The Limit Superior/Inferior Ratio Test for Series of Complex Numbers
The Limit Superior/Inferior Ratio Test for Series of Complex Numbers
On The Ratio Test for Positive Series of Real Numbers we looked at a very useful test for determining the convergence of a series of real numbers. We now look at a more general ratio test which can be applied to series of complex numbers.
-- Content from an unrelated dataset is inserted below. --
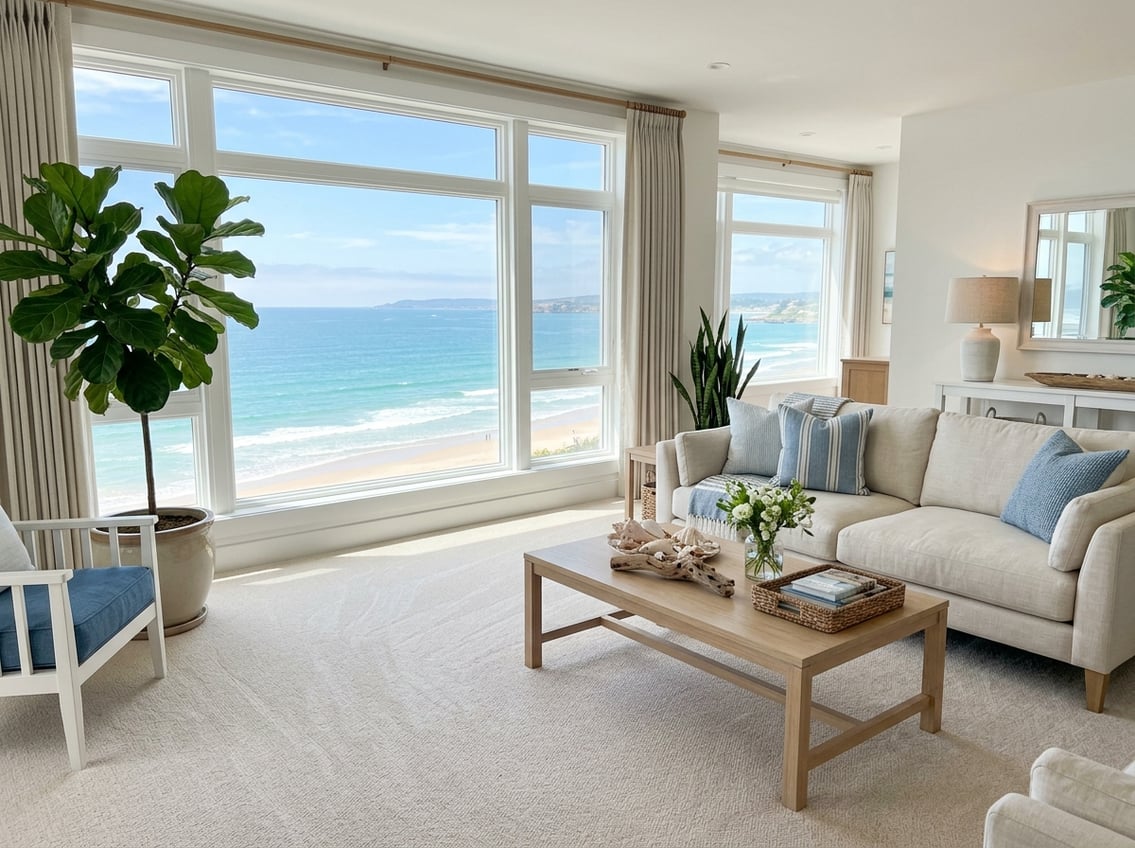 A clean and bright living room in a coastal home with large windows showing an ocean view and spotless light-colored carpets.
Theorem 1: Let $\displaystyle{\sum_{n=1}^{\infty} a_n}$ be a series of nonzero complex numbers. Let $\displaystyle{R = \limsup_{n \to \infty} \biggr \lvert \frac{a_{n+1}}{a_n} \biggr \rvert}$ and let $\displaystyle{r = \liminf_{n \to \infty} \biggr \lvert \frac{a_{n+1}}{a_n} \biggr \rvert}$. a) If $R < 1$ then $\displaystyle{\sum_{n=1}^{\infty} a_n}$ converges. b) If $1 < r$ then $\displaystyle{\sum_{n=1}^{\infty} a_n}$ diverges. c) If $r \leq 1 \leq R$ then this test is inconclusive. |
- Proof of a) Suppose that $\displaystyle{R = \limsup_{n \to \infty} \biggr \lvert \frac{a_{n+1}}{a_n} \biggr \rvert < 1}$. Let $R^*$ be such that $R < R^* < 1$. Since $\displaystyle{\lim_{n \to \infty} \sup_{k \geq n} \left \{ \biggr \lvert \frac{a_{k+1}}{a_k} \biggr \rvert \right \} = R < 1}$ we have that there exists an $N \in \mathbb{N}$ such that if $n \geq N$ then:
\begin{align} \quad \sup_{k \geq n} \left \{ \biggr \lvert \frac{a_{k+1}}{a_k} \biggr \rvert \right \} \leq R^* \end{align}
- By the definition of the supremum of a set we have that for all $n \geq N$ that:
\begin{align} \quad \biggr \lvert \frac{a_{n+1}}{a_n} \biggr \rvert & \leq R^* \\ \mid a_{n+1} \mid & \leq R^* \mid a_n \mid \end{align}
- So then:
\begin{align} R^* \mid a_N \mid & \geq \mid a_{N+1} \\ R^{*2} \mid a_N \mid & \geq R^* \mid a_{N+1} \mid \geq \mid a_{N+2} \\ & \vdots \\ R^{*n} \mid a_N \mid & \geq R^{*(n - 1)} \mid a_{N+1} \mid \geq … \geq \mid a_{N + n} \mid \end{align}
- Since $R^* < 1$ we have that $\displaystyle{\sum_{n=1}^{\infty} R^{*n} \mid a_N \mid}$ converges as a geometric series. So, by the comparison test we have that $\sum_{n=1}^{\infty} \mid a^{N +n} \mid$ converges which implies that $\displaystyle{\sum_{n=1}^{\infty} \mid a_n \mid}$ converges. So $\displaystyle{\sum_{n=1}^{\infty} a_n}$ converges absolutely. $\blacksquare$
- Proof of b) Suppose that $\displaystyle{\liminf_{n \to \infty} \biggr \lvert \frac{a_{n+1}}{a_n} \biggr \rvert > 1}$. Let $r^*$ be such that $1 < r^* < r$. Since $\displaystyle{\lim_{n \to \infty} \inf_{k \geq n} \left \{ \biggr \lvert \frac{a_{k+1}}{a_k} \biggr \rvert \right \} > 1}$ we have that there exists an $N \in \mathbb{N}$ such that if $n \geq N$ then:
\begin{align} \quad \inf_{k \geq n} \left \{ \biggr \lvert \frac{a_{k+1}}{a_k} \biggr \rvert \right \} \geq r^* \end{align}
- So for all $n \geq N$ we have by the definition of the infimum of a set that:
\begin{align} \biggr \lvert \frac{a_{n+1}}{a_n} \biggr \rvert & \geq r^* \\ \mid a_{n+1} \mid & \geq r^* \mid a_n \mid \end{align}
- So $\mid a_{n+1} \mid > \mid a_n \mid$ for all $n \geq N$. But then $\displaystyle{\lim_{n \to \infty} a_n \neq 0}$. So $\displaystyle{\sum_{n=1}^{\infty} a_n}$ diverges. $\blacksquare$